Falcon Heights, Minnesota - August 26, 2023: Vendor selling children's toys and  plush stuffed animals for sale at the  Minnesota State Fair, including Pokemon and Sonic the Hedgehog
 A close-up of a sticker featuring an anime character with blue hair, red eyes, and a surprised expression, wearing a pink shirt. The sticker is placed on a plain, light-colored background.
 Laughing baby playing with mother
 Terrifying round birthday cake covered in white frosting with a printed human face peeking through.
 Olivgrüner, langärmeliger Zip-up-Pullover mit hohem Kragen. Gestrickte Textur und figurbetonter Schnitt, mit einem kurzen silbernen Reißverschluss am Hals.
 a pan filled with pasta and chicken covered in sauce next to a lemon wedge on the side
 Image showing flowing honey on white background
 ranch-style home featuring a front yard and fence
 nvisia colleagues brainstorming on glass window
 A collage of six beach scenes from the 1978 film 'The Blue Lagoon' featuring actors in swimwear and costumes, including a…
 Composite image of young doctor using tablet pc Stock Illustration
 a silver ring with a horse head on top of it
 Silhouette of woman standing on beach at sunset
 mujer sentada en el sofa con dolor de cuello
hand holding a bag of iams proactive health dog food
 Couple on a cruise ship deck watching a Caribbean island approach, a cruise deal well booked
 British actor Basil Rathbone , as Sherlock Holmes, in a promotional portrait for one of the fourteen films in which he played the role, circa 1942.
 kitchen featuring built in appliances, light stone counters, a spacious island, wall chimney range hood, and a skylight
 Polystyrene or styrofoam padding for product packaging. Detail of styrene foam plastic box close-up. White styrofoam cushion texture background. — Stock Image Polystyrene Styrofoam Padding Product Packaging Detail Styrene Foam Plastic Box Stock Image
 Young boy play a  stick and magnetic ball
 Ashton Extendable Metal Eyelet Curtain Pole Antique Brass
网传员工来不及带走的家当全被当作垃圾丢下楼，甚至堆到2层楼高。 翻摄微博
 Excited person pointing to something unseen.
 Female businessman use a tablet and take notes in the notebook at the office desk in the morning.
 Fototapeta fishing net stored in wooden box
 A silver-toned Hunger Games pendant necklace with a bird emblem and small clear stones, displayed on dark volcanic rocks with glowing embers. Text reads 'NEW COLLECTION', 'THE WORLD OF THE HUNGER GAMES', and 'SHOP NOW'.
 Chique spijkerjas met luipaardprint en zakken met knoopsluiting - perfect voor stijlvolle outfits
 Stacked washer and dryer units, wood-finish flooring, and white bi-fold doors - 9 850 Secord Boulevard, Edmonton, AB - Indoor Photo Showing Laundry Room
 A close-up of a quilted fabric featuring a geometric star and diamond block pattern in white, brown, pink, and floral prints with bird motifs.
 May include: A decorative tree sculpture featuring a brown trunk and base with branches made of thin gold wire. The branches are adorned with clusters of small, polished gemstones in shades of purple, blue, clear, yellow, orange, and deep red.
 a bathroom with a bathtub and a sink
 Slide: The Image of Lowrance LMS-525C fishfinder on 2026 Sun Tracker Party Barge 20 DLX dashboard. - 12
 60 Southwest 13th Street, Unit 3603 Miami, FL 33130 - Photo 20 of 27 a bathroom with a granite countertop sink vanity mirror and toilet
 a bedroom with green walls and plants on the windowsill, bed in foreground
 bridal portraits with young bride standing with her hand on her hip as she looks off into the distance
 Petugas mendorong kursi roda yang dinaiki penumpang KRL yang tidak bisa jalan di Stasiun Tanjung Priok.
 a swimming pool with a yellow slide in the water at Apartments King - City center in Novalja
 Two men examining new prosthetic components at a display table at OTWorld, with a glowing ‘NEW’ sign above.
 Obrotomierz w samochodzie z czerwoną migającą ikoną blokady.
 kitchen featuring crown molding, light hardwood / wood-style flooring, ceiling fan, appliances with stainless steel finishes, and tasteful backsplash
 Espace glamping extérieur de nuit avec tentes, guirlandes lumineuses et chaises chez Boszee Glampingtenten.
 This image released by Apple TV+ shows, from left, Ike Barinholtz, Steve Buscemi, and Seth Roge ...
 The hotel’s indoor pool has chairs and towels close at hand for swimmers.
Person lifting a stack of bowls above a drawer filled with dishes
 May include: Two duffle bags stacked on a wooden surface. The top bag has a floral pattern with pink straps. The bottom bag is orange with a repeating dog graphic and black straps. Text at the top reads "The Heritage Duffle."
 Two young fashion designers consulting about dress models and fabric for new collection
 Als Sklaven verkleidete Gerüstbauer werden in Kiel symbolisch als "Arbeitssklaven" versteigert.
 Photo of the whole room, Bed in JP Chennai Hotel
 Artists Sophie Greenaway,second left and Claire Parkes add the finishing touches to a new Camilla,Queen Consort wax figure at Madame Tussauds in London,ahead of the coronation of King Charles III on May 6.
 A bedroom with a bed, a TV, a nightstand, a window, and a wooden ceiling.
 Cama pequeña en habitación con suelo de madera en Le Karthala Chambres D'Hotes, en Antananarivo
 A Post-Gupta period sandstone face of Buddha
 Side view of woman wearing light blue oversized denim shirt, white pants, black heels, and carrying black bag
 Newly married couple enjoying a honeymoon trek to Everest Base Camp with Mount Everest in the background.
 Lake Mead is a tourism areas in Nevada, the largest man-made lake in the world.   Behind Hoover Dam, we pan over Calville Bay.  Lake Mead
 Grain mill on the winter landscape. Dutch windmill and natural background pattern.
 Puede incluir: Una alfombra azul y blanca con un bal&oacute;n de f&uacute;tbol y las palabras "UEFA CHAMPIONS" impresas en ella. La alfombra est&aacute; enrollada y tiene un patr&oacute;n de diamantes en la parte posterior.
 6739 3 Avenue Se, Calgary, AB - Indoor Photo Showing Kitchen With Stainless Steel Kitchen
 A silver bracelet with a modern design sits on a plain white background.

* * * * * * *

Scan the entries and show every line in which the word "above" is found.

### Response area
 Two men examining new prosthetic components at a display table at OTWorld, with a glowing ‘NEW’ sign above.
Person lifting a stack of bowls above a drawer filled with dishes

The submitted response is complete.